Directed by: Joel Edgerton.
Written by: Joel Edgerton.
Starring: Jason Bateman (Simon), Rebecca Hall (Robyn), Joel Edgerton (Gordo), Allison Tolman (Lucy), Tim Griffin (Kevin 'KK' Keelor), Busy Philipps (Duffy), Adam Lazarre-White (Ron), Beau Knapp (Detective Walker), Wendell Pierce (Detective Mills).
The Gift film has been marketed as a horror movie about a nice couple being stalked by a creepy guy – and while that’s not exactly untrue, it’s not really what the film is about either. Yes, the couple at the heart of the movie is seemingly perfect that only goes to shit when an interloper enters their life, the movie gradually reveals that not to be the case. The movie has its share of jump scares to be sure – and it is genuinely unsettling. But the scariest thing about The Gift is not so much the interloper into the marriage – but the gradual discovery within the marriage of just who you are married to. That is what makes the movie as good as it is – and what makes the final scenes in the movie completely unnecessary – even if they are still effective.
The story is about Simon and Robyn (Jason Bateman and Rebecca Hall), who have moved to California – where Simon was originally from – from Chicago. They tell everyone it’s because Simon got a great new job – which is true, but there were some things that happened in Chicago that they would also like to get away from – which will be revealed throughout the movie. They are not back for long, when they bump into Gordo (Joel Edgerton) – who says he went to high school with Simon – who says he barely remembers Gordo. Gordo is awkward in social situations, doesn’t take hints very well, and seems more than little strange. Simon wants to get rid of Gordo almost immediately – but Robyn feels sorry for him. She can be a little shy, quiet and awkward herself – and thinks Gordo perhaps needs a friend. Yet it is also true that he really is weird – so when things finally come to a head, she starts to expect to see him show up in their home at any point – and starts to backslide into some of old problems. At the same time, she starts to find some things out about her husband’s past.

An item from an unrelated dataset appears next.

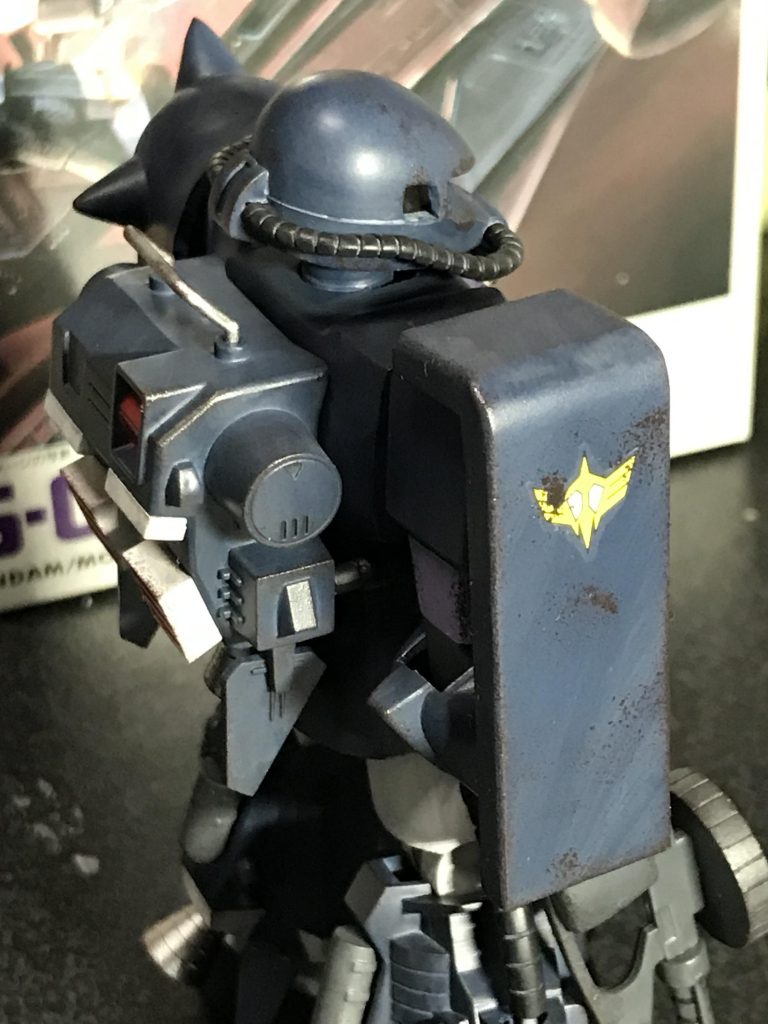 シールドやバックパックの錆びが見えやすい角度で。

The film was written and directed by Joel Edgerton, making his debut, and it’s a strong one. This shouldn’t be too much of a surprise – after all, he was part of the group that includes his brother Nash and David Michod, in Australia who have made a bunch of shorts, and eventually features together (like Nash’s under seen The Square and Michod’s excellent Animal Kingdom). As a director, Joel Edgerton isn’t afraid to fall back on some classic thriller tropes – the sudden appearance of the bad guy as if out of nowhere, people snapping awake from dreams that the audience momentarily thought were real, shots from a distance that give the audience the sense that we are eavesdropping on the characters – and perhaps someone else is as well. Edgerton makes great use of the house Simon and Robyn live in – a secluded place up in the hills, with a lot of windows. All of these are admittedly clichés – but they became that for a reason – they’re effective.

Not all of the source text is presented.